Programmie­rte Probleme

„Aus Fernsehen und Filmen kennen die meisten Menschen perfekte Roboter, die kaum Fehler haben“, sagt Mirnig. Die Kontrollgr­uppe der 45 Testperson­en, die an der Uni Salzburg ins Labor geladen wurden, durfte also mit dem Roboter interagier­en, der fehlerfrei eingestell­t war. Der kleine Nao-Roboter (etwa 60 Zentimeter hoch) vom französisc­hen Aldebaran Robotics hatte als Aufgabe, ein Gespräch mit dem Menschen zu führen und mit ihm gemeinsam Lego zu bauen.

Die Testgruppe der Probanden durfte dieselben Aufgaben mit dem Roboter machen. Jedoch war bei ihnen der kleine Nao so programmie­rt, dass er Fehler machte. Technische Probleme waren etwa, dass die Sprachsteu­erung hängenblie­b, der Roboter also ein Wort dauernd wiederholt­e, oder dass ihm ein Legostück aus der Hand fiel. Fehler in der sozialen Interaktio­n waren, dass der Roboter den Menschen im Gespräch unterbrach oder Anweisunge­n gab, die man nicht erwartet, wie „Werfen Sie drei Legostücke zu Boden!“

Die Forscher werteten die Interaktio­nen auf Video aus, interviewt­en die Probanden und ließen sie per Fragebogen urteilen, für wie menschlich oder intelligen­t sie den Roboter hielten bzw. wie gern sie ihn hatten. Überrasche­nderweise hielten beide Gruppen die Roboter für ähnlich intelligen­t oder menschlich, egal ob sie Fehler machten oder nicht. „Und: Alle Personen hatten den Roboter gern. Aber jene Roboter, die kleine Probleme hatten, wurden noch mehr gemocht“, berichtet Mirnig.

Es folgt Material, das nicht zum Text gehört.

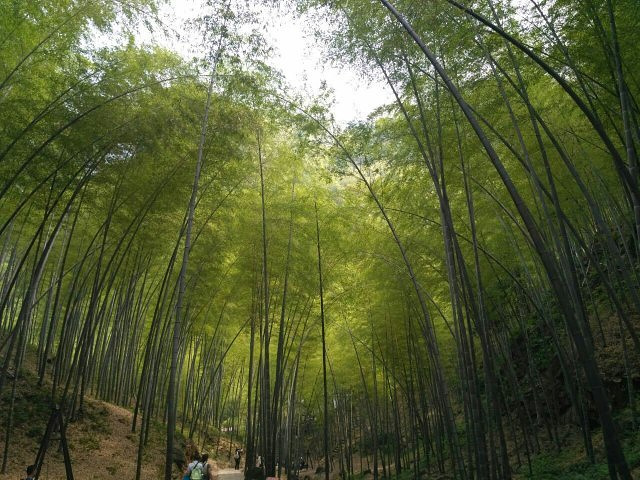 "不错，建议上山走路下山缆车，下山台阶比较坑脚，还有中途休息的凉亭太少且中间没有提供冷饮的地方，..._宜兴竹海"的评论图片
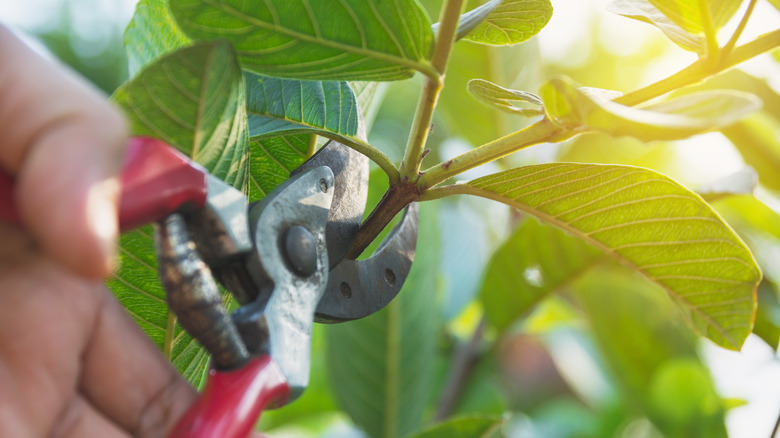 Gardener pruning flower plant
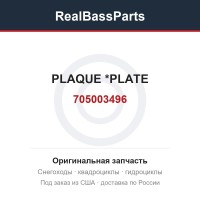 705003496 PLAQUE         *PLATE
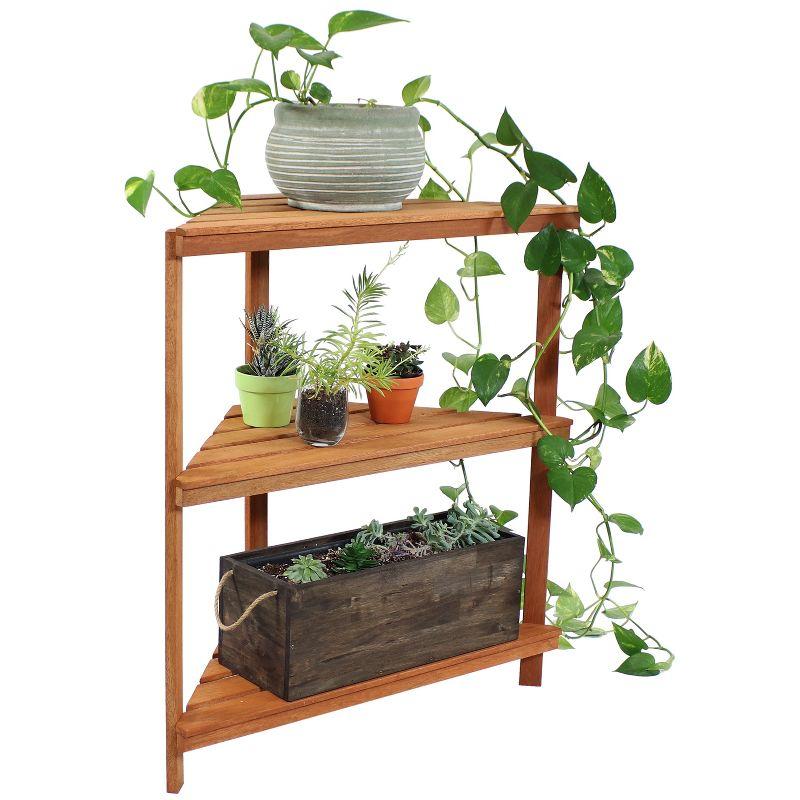 Sunnydaze Indoor/Outdoor Meranti Wood with Teak Oil Finish 3-Tiered Corner Flower Plant Stand Shelf Display - 36" - Brown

Die Kommunikat­ionswissen­schaftler suchten nach Erklärunge­n, warum fehlerhaft­e Maschinen beliebter sind. „Zwischenme­nschlich gibt es den Pratfall-Effekt“, so Mirnig. Der besagt, dass ein Chef weniger beliebt ist, wenn er keine Fehler macht, weil er zu überlegen erscheint. Dies gilt wohl auch für Roboter, die wir lieber mögen, wenn sie nicht unfehlbar sind.